**PROBLEM REQUIREMENTS**
Beginning with the line containing "Sony Bravia 3" and ending at the last line of the data, set down every line exactly, leaving out all pictures.

Items from a data source:
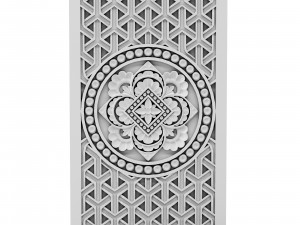 ornament of the east-01 3D Model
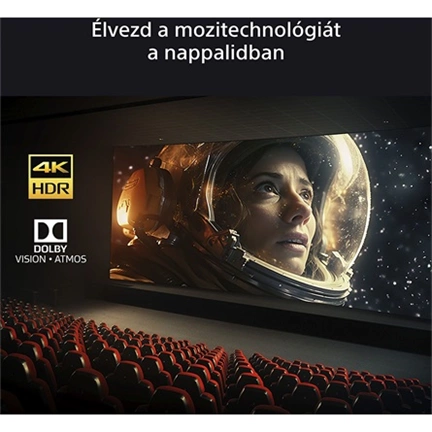 Sony Bravia 3 K-65S3 televízió - 65", 4K UHD, HDR, Google TV
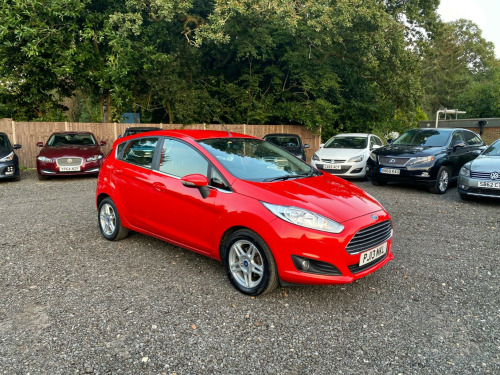 Ford Fiesta  1.5 TDCi Zetec Euro 5 5dr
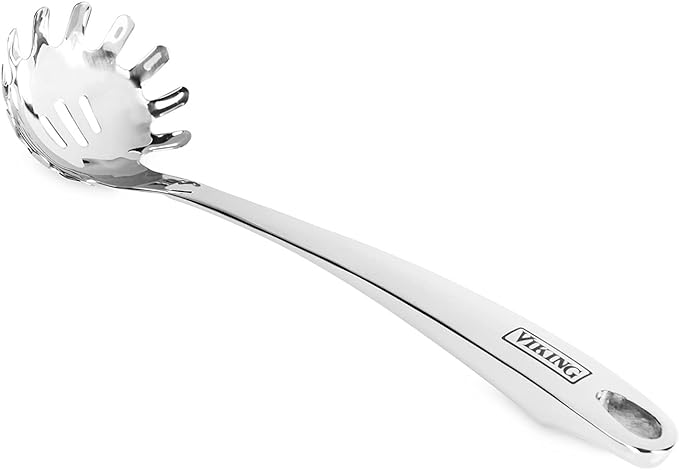 Viking Signature Handle 6-Piece Utensil Set, Silver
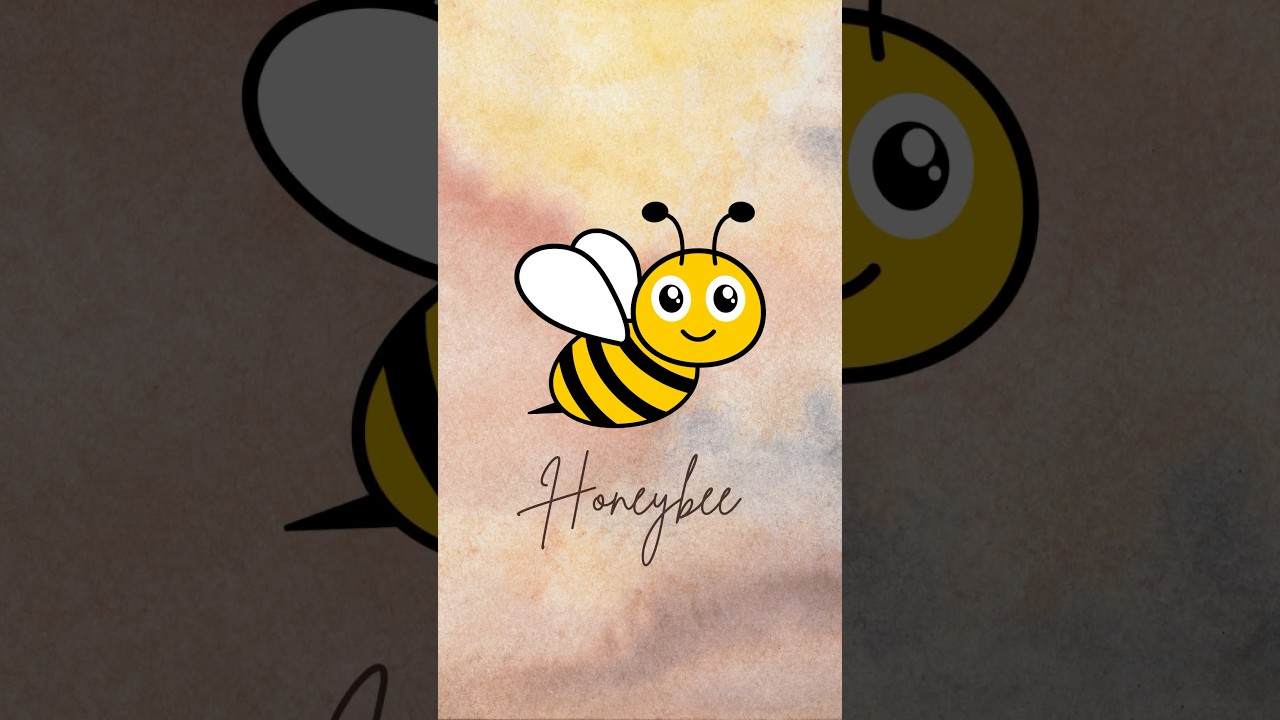 Buzzing Life: The Incredible Journey of a Honey Bee 🐝🌼 #Nature #Education #BeeLifeCycle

**ANSWER SPACE**
 Sony Bravia 3 K-65S3 televízió - 65", 4K UHD, HDR, Google TV
 Ford Fiesta  1.5 TDCi Zetec Euro 5 5dr
 Viking Signature Handle 6-Piece Utensil Set, Silver
 Buzzing Life: The Incredible Journey of a Honey Bee 🐝🌼 #Nature #Education #BeeLifeCycle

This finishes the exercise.